Is Fishing with Goldfish Illegal: Laws for All 50 States

Anglers are a creative bunch.  We can fashion wild lures from metal and plastic, build fishing rods for every species and figure out how to use any bait to entice a strike.  So it is no surprise that someone thought of using pet store goldfish as live bait.  I must admit, it is an intriguing idea but is it legal?

Well, is fishing with goldfish illegal?  In most states it is illegal to use live goldfish as fishing bait in order to prevent the release of invasive species that can damage native ecosystems.  However, there are some states that still allow the use of dead or living goldfish when fishing.

It takes a lot of time to find every bait restriction and fishing rule so we did the hard work for you.  If you have ever wondered if using goldfish for bait is legal, take a look at this chart for the answer.

Is it Legal to use Goldfish as Bait?

StateYesNoNo Reference
FloridaX (Dead only)
New HampshireX
New JerseyX
New MexicoX
New YorkX
North CarolinaX
North DakotaX (Dead only)
Rhode IslandX
South CarolinaX
South DakotaX
West VirginiaX (Dead only)

To determine the laws for each state regarding the use of goldfish as bait, we looked at all 50 freshwater fishing regulations that are currently posted.  Some states explicitly mention goldfish while others do not.  The chart reflects our best interpretations of the laws.  

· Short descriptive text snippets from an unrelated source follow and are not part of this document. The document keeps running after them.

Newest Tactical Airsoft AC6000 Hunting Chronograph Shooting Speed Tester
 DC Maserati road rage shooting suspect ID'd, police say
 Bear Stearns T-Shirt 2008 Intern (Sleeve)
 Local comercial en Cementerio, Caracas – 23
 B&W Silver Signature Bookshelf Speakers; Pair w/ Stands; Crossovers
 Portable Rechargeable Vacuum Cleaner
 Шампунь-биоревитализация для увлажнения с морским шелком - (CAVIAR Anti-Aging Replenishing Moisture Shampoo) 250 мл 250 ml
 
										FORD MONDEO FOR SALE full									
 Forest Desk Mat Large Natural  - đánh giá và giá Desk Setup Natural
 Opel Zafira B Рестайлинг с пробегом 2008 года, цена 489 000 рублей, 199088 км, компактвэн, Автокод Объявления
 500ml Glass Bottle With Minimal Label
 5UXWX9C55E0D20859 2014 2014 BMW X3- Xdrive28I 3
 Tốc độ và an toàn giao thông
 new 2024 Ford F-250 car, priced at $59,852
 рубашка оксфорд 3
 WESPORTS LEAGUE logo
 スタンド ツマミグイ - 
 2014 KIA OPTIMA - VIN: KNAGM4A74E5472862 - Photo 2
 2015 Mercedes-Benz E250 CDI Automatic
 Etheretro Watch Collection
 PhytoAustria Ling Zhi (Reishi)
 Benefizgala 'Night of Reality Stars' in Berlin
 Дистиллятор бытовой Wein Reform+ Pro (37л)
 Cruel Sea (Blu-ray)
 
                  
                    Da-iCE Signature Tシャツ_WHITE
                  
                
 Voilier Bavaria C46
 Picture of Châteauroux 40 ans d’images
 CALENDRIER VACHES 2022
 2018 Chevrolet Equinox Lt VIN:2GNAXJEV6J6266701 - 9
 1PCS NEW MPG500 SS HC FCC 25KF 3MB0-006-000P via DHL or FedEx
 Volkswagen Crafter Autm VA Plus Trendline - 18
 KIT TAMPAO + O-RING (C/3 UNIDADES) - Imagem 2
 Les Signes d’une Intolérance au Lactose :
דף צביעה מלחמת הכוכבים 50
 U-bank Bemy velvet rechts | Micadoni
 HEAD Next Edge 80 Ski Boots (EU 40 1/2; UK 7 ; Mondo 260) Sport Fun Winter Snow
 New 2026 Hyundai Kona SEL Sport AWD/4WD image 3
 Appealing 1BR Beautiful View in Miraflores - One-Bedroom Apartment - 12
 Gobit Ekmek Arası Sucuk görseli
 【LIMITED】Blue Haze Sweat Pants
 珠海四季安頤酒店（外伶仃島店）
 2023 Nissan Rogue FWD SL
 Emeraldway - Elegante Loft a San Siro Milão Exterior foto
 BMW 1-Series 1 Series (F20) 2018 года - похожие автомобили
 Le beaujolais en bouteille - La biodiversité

Several states including Delaware, Hawaii, Louisiana and North Carolina do not reference goldfish or define legal bait well enough for us to make an interpretation of the law.  In these cases, it is best to assume it is illegal.  

Beware, we are not experts of the law but as experienced anglers, we did our best to shed some light on the legality of using goldfish as bait.  However, it is your responsibility to be familiar with your local laws.

*Always review your local fishing regulations and call a wildlife officer if in doubt.  Even if the laws are confusing, it is best to do as the officer’s say since they are the ones writing the tickets. 

Why use goldfish for bait

I definitely can appreciate the appeal of using goldfish as bait.  I have heard about it for years so it must work for catching fish.  Let’s take a look at why people would use goldfish as bait.

  • They are easy to buy:  It is not always easy to find a good bait and tackle shop around your local area.  However, goldfish are readily available at most pet stores and even some Walmarts.  Most major cities have pet stores. 
  • They are affordable:  This one is debatable.  Live minnows for fishing usually average $3-$5 for two dozen.  Whereas feeder goldfish from a big box pet store are usually $3 for 12 fish.  I have seen them as low as 15 cents each.  It is still cheap but not any cheaper than other live bait.
  • Goldfish are hardy:  They can tolerate a lot of stress and will survive a long time in a bait bucket if you feed them.  They also last a long time on a hook.  Most other live minnow species commonly used rarely survive a few days of fishing.
  • Bright colors attract predators:  Just like artificial lures, the bright orange, yellow and white colors on goldfish make an enticing snack for big predators.  They also seem to provide good action on a hook just like other common bait minnows.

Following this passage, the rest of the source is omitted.